The "facts" always defy common sense. At the outset of the Iraq war we were asked to believe that the regime of Saddam Hussein, defeated in the Gulf war, and subjected to crippling sanctions thereafter, had nevertheless contrived to assemble a vast armoury of sophisticated WMDs. It defied all reason. If Iraq could be a threat to civilisation, well, so could Puerto Rico. Same also with passive smoking. People who had lived all their lives wreathed in tobacco smoke were being asked to believe that it was as toxic as any of Saddam Hussein's imaginary chemical weapons. It flew in the face of everyday experience. Or people who had lived all their lives enjoying warm summers and cold winters were asked to believe that that this benign cycle was about to spin off into uncontrollable warming. It contradicted a hundred centuries of human experience.

And these facts always come in the form of a memorable number. Like "45 minutes". Anyone remember that? And they are simultaneously and slavishly promulgated in all mass media. Anyone who exhibits the slightest scepticism is branded as a denialist tool of Saddam Hussein, or Big Tobacco, or the Oil Companies. And the "facts" always add up into some terrible threat which demands immediate and hasty and unconsidered action.

When these "facts" contradict common sense, the ordinary man in the street falls back upon baffled deference to superior authority. Who can argue with intelligence agencies, or with climate scientists, or epidemiologists?

But as Joe Public is asked to swallow more and more of these "facts", and to set aside more and more of his common sense, it becomes harder and harder for him to stomach - just as surely it would if, under 'expert' advice, he had been persuaded to adopt a 'healthy' diet of pebbles and gravel. The self-appointed experts gradually fall into disrepute. Authority is called into question.
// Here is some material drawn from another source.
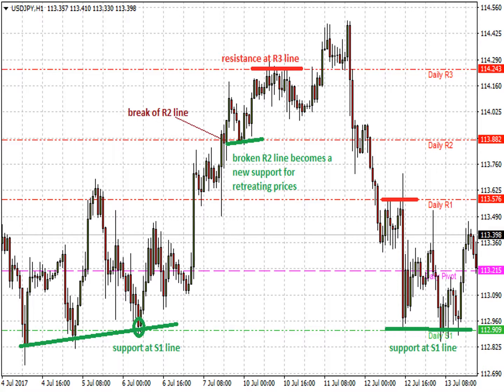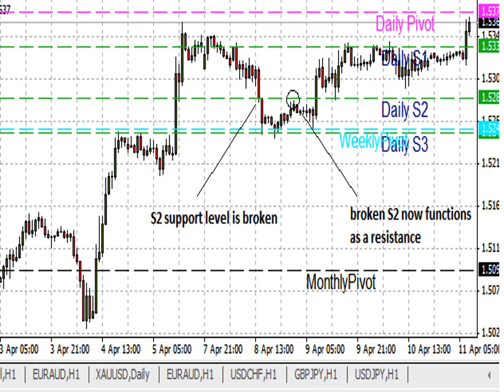Here in the chart you can see support and resistance plotted with a pivot point calculator. A broken pivot point changes its role. For instance, if a price move to the south breaks below the S2 support and tries to reach again for S2, S2 in this case no longer functions as a support, but as a resistance. Break of pivot points is an implication for support and resistance.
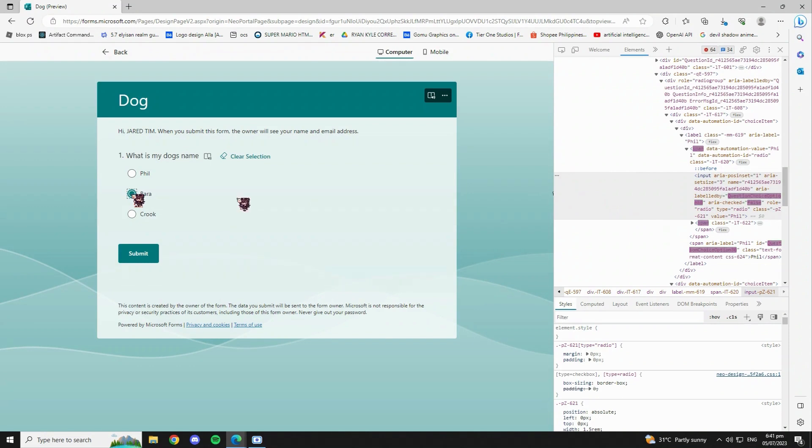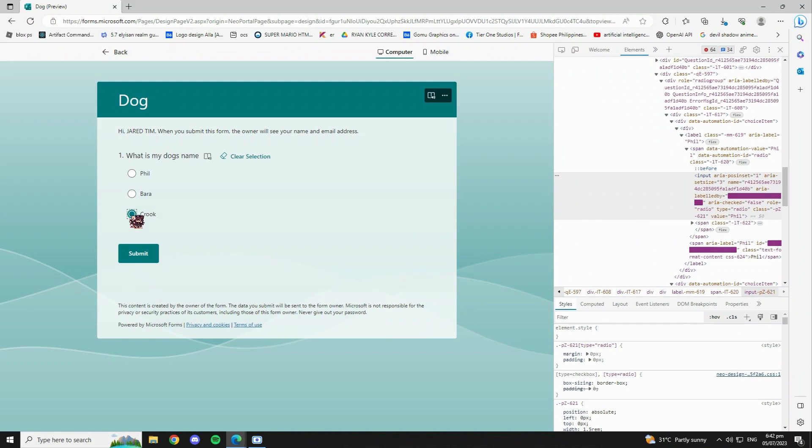Now if we check the second choice, false will appear, which means that this is not the right answer. The same goes for the third option.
If our intelligence agencies were now to tell us that Malta was about to invade Europe, nobody would believe them, because everybody knows about the WMD fiasco they authored. The same collapse of authority now threatens the entire medical establishment which has been trumpeting the supposed dangers of tobacco smoke while its hospitals are rife with MRSA. And it looms also for climate scientists who fiddle their global warming figures while the earth gets cooler. And it faces a mass media which has willingly peddled all this nonsense. They have all of them devalued themselves with their lies. They will keep on telling them, but nobody will believe them.

Instead, hitherto suppressed common sense, submerged beneath the weight of expert opinion, will come bobbing back up to the surface. 'Experts' and 'authorities' of every sort will be discounted, dismissed, and ultimately fired. They will all vanish, one by one. And with them will depart the serial hallucinations of our time. We will wake up, as if from some transient bad dream, to find the sun still shining on damp old England, and the pub still standing by the village green.

July 3, 2008 at 13:30 | Unregistered CommenterFrank Davis

I'm not really a wuss, Frank, but I was almost moved to tears by your post. I do hope that your opitimistic vision comes to pass.